Aanvoer van voldoende verse lucht is een noodzaak. In de meeste gevallen is het vooral de wind die daarvoor zorgt. Grote openingen, met eventueel voorzieningen om de windsnelheid te verminderen, en/of de lucht te geleiden, zijn noodzakelijk. Bij renovatie is het vergroten van de inlaatopening meestal aangewezen. Bij een minder gunstige staloriëntatie kunnen de kopgevels worden opengewerkt, waarbij best de windsnelheid wordt gebroken door passende voorzieningen.
59
7
Melken in een bindstal (tekst: G. Vansteenbrugge)

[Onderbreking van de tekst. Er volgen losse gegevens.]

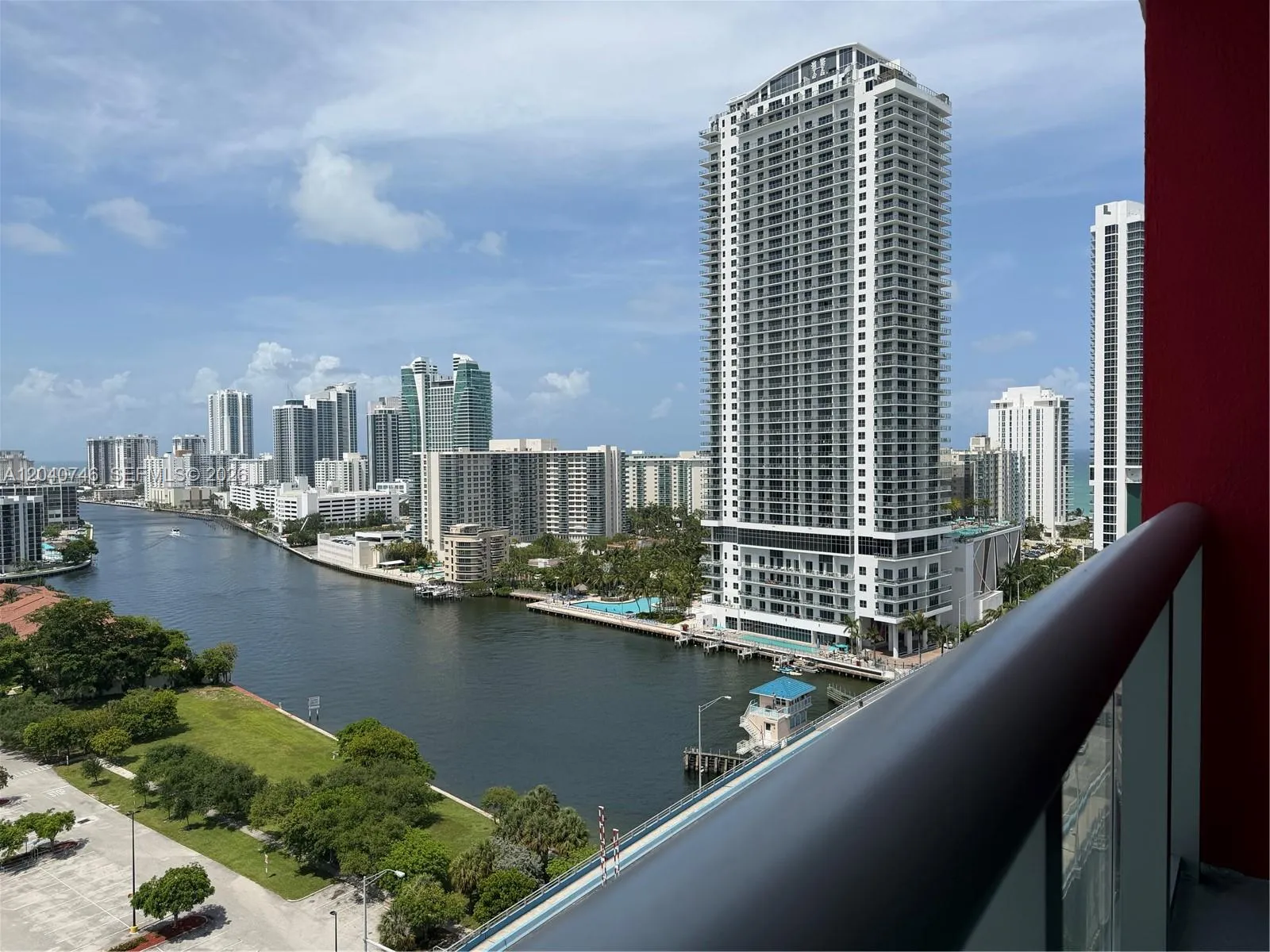 Foto de propiedad en 2602 E Hallandale Beach Boulevard R1910, Hallandale Beach, FL 33009 Hallandale Beach con MLS#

Het uiteindelijke doel van een melkveebedrijf is natuurlijk niet het optimaal herbergen van de veestapel, maar het verwerven van een inkomen, hoofdzakelijk uit de verkoop van melk (of melkproducten). Melken is dus één van de belangrijkste activiteiten op een bedrijf. Het is niet alleen belangrijk om een goede melkkoe gezond en fit te houden, ze moet ook goed gemolken worden. Dit geldt des te meer voor hoogproductieve, snelmelkende koeien. Pieken in de melksnelheid van 5 à 6 l/min komen meer en meer voor, en juist hier knelt het schoentje: veel bestaande pijpleidingen zijn ontworpen en getest begin de jaren ‘70 voor melksnelheden van 2,5 à 3 l/min. Verder ziet men in de praktijk dat enkele uiterst belangrijke punten dikwijls over het hoofd gezien worden. Te beginnen aan de bron:
Tepelvoeringen en klauw De schacht van de tepelvoering moet aangepast zijn aan de gemiddelde speenmaten van de stapel. Een grote schacht zal vooral op het einde van de melkbeurt een te hoog stootrandvacuüm veroorzaken, waardoor de tepelvoering gaat opkruipen, wat slecht uitmelken tot gevolg heeft. Een te kleine schacht zal het tepelkanaal afknellen, waardoor eveneens slecht uitmelken zal optreden. De korte melkslang moet voldoende afvoercapaciteit hebben (liefst minimum 10 mm doorsnede). Obstakels die de melkafvoer verhinderen (zoals dikwandige, kleine nippels op de klauw, kijkglazen met nauwe doorgang enz. …) moeten zoveel mogelijk vermeden worden. De melkslang is best zo kort mogelijk, niet te klein van diameter, MAAR ZEKER ook niet te groot: de norm is maximaal 14,5 mm doorsnede. De klauw moet voldoende melkafvoer (10 tot 14 l/min) en een gepaste luchtinlaat (68 l/min) hebben.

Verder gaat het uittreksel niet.